Podemos afirmar sin duda, que Jesús sobre el Calvario, siendo como siempre perfecto Dios y hombre perfecto, se muestra sin embargo más que nunca, en su humanidad y en su divinidad. Situémonos de modo ideal junto a Cristo paciente, marchando con la cruz y ya en la cumbre del Gólgota, para sentir la medida de lo que falta aún a nuestra perfección. Parece necesario entender algo más, aunque no podamos comprender del todo, la conducta y sentimientos de Jesucristo para llegar a valorar la Vida Eterna: inigualable tesoro que Él nos ha ganado con su muerte. Según recuerda el propio Jesús así debe ser levantado el Hijo del Hombre [*Juan 3,14 – 15*], para que todo el que crea tenga Vida Eterna en Él. La Vida abundante, de la que nos hablaba otras veces, nos corresponde por su cruz y es para una existencia eterna en Él.
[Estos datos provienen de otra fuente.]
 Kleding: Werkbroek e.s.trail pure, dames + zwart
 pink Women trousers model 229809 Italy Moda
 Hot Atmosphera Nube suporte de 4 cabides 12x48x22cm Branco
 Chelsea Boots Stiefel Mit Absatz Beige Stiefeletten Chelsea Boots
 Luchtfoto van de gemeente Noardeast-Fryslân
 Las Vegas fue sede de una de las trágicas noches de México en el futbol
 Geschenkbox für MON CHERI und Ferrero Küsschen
Es la manifestación final del divino amor por los hombres, un amor que quiso la entrega del Hijo, para que nos mereciera la reparación del pecado. Un amor sobreabundante, que nos convierte en hijos de Dios: coherederos con Cristo; en la expresión del Apóstol, nos hacemos partícipes de los méritos del mismo Jesús muriendo en la Cruz. Este es el sentido de la venida al mundo del Hijo de Dios: hacernos participar en su misma Vida Eterna. Debemos por tanto, desechar otros pensamientos menos rectos y demasiadas frecuentes, por desgracia acerca la vida que Dios espera de nuestra vida cristiana. Para algunos el Cristianismo consiste más que nada, en un conjunto de preceptos o condiciones de vida que debemos guardar. El cristiano que así piensa lleva en la práctica, una existencia a impulsos del temor por miedo a las penas que caerán sobre él si se aparta de los mandamientos.
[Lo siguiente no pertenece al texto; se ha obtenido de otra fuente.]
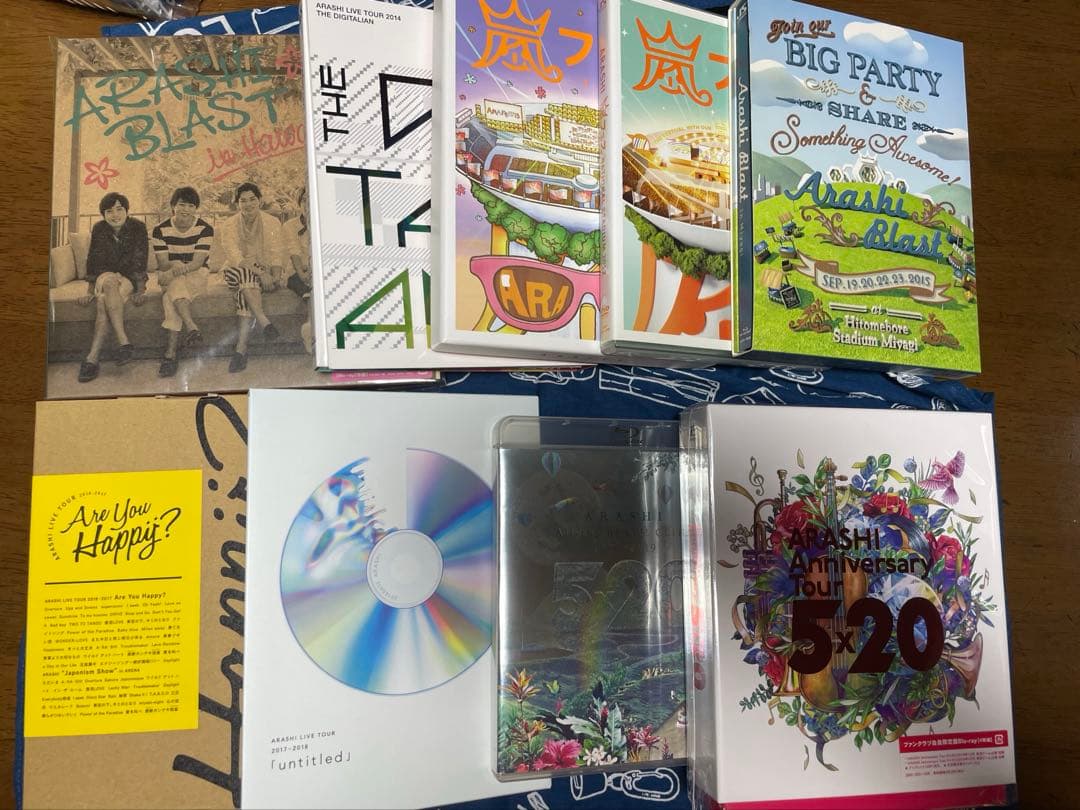 嵐のCD &DVDセットです。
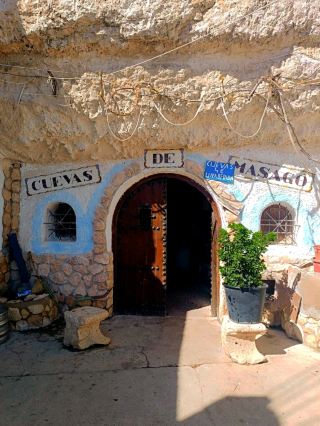 A new landmark for hidden bars in rocky buildings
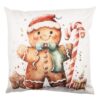 Kussenhoes Kerstmotief - Wit - 45x45cm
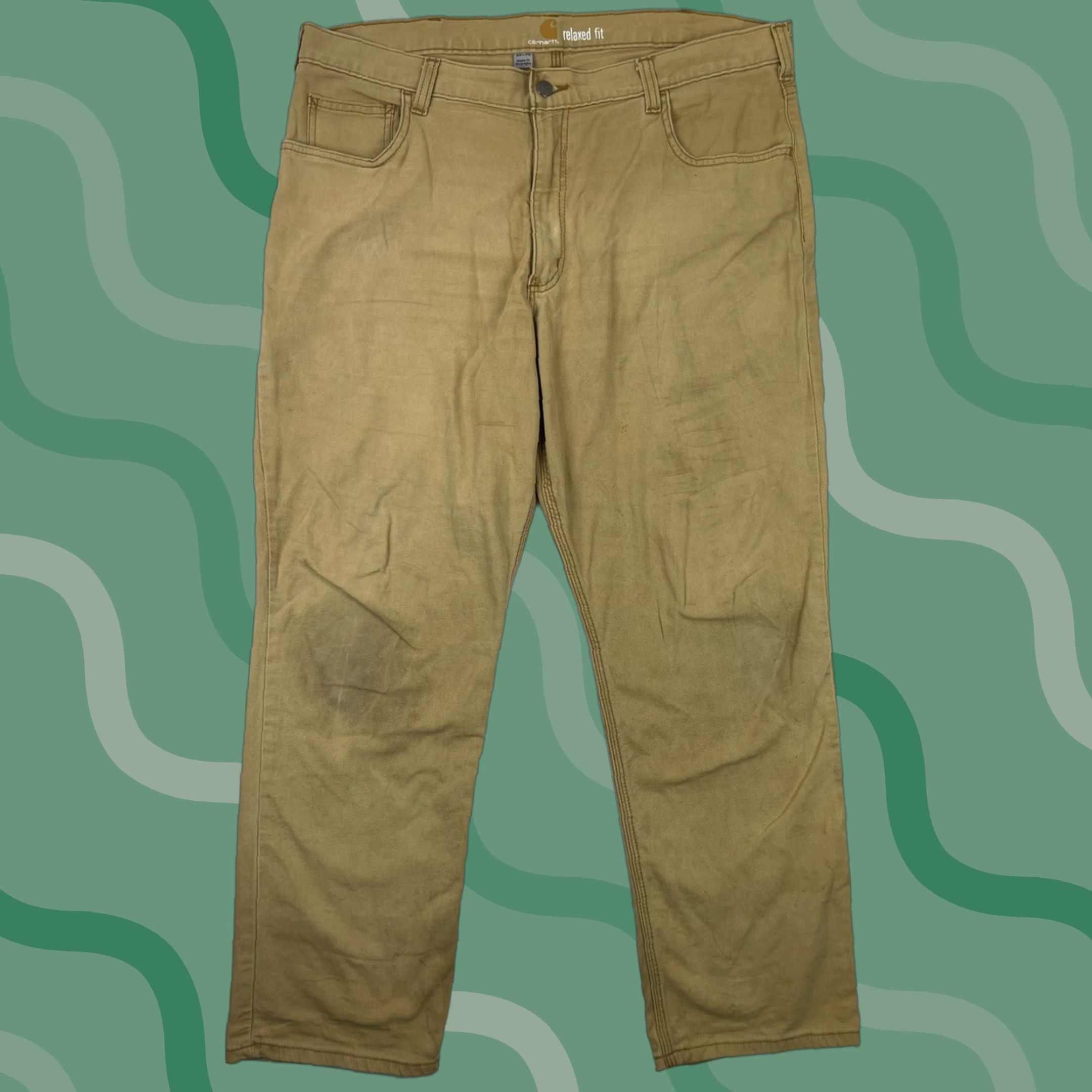 Carhartt Carhartt Men's Relaxed Fit Canvas Work Pants 38x30 Brown 5-Pocket Classic Size US 38 / EU 54 - 1 Thumbnail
Se trata desde luego, de una visión deformada, monstruosa, del mensaje salvador, y en consecuencia de Jesucristo, que nos lo ha mostrado de modo espléndido. El mismo Jesús manifiesta, según acabamos de recordar con las palabras que nos transmite Juan: Dios no envió a su Hijo al mundo para juzgar al mundo, sino para que el mundo se salve por Él. Concretamente en su cruz no vemos afán de revancha o rencor, ni odio, ni falta de esperanza o de paz; por el contrario, allí brilla el perdón, el interés por los demás hasta su último instante; una paz inmensa en la tarea bien concluida, absoluta confianza en Dios y en su bienaventuranza, y sobre todo, mucho amor, manifestado en la entrega total.

Tengan unos con otros la manera de pensar propia de quien está unido a Cristo Jesús, el cual aunque existía con el mismo ser de Dios, no se aferró a su igualdad con él, sino que renunció a lo que era suyo y tomó naturaleza de siervo. Haciéndose como todos los hombres y presentándose como un hombre cualquiera, se humilló a sí mismo, haciéndose obediente hasta la muerte, hasta la muerte en la cruz. Por eso Dios le dio el más alto honor y el más excelente de todos los nombres, para que, ante ese nombre concedido a Jesús, todos doblen las rodillas en el cielo, en la tierra y debajo de la tierra, y todos reconozcan que Jesucristo es Señor, para gloria de Dios Padre [Filipenses 2,5 – 11].